Aim of the exercise:
Every line from the one with "FKM O-ring Green" through the end of the material below, both ends included, should be transcribed exactly, without pictures.

Data extract section start

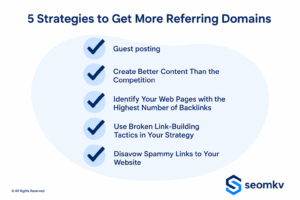 5 Referring Domains & Their Powerful Impact on SEO link building strategy
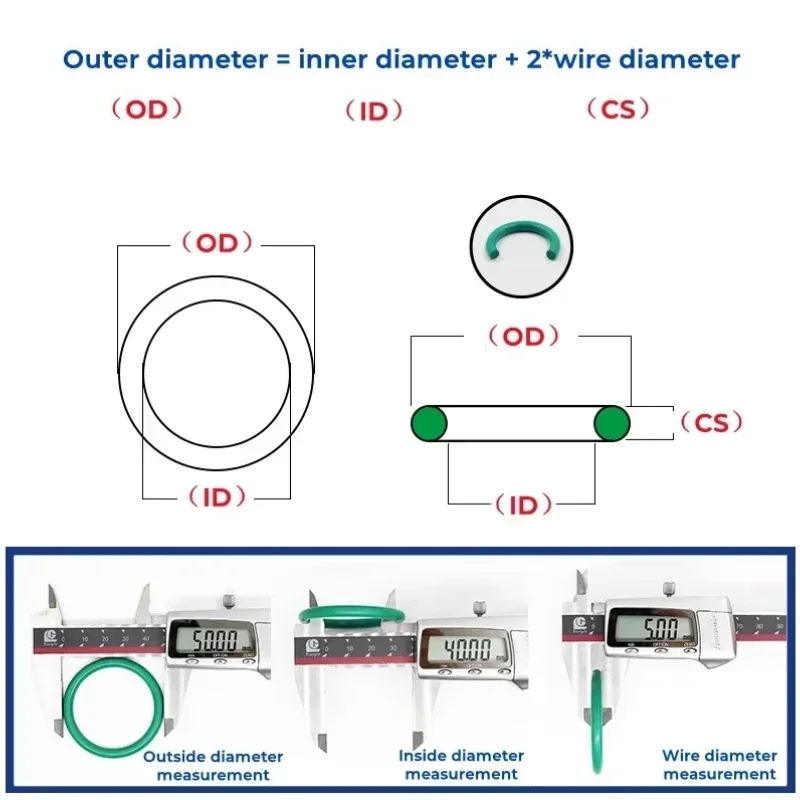 FKM O-ring Green Fluororubber Rubber Sealing Gasket O Ring CS1/1.5/2.0mm Oil Resistant Acid Alkali Resistant O-Ring Kit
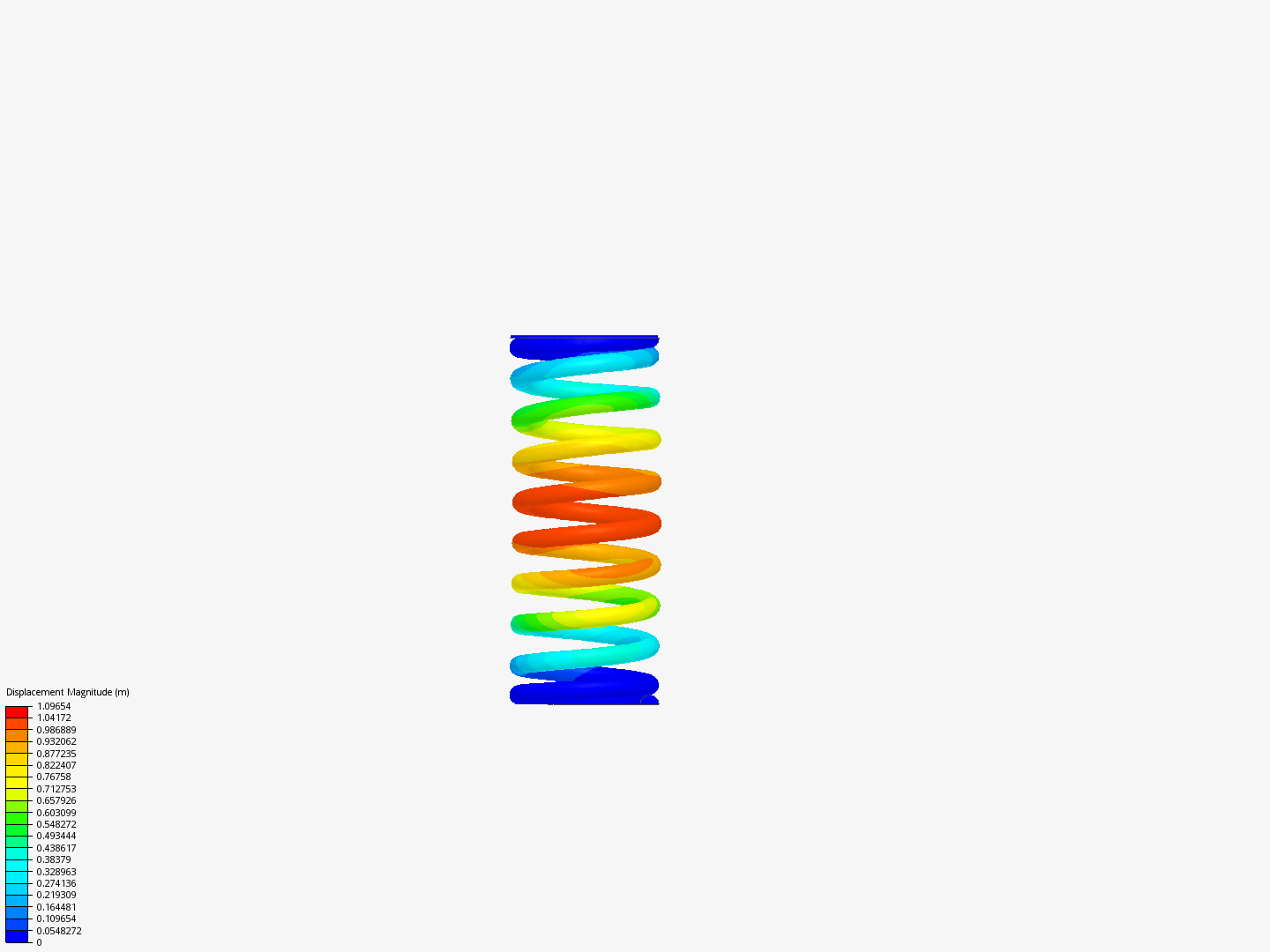 Spring Vibration test image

Data extract section end

Reply to the task:
 FKM O-ring Green Fluororubber Rubber Sealing Gasket O Ring CS1/1.5/2.0mm Oil Resistant Acid Alkali Resistant O-Ring Kit
 Spring Vibration test image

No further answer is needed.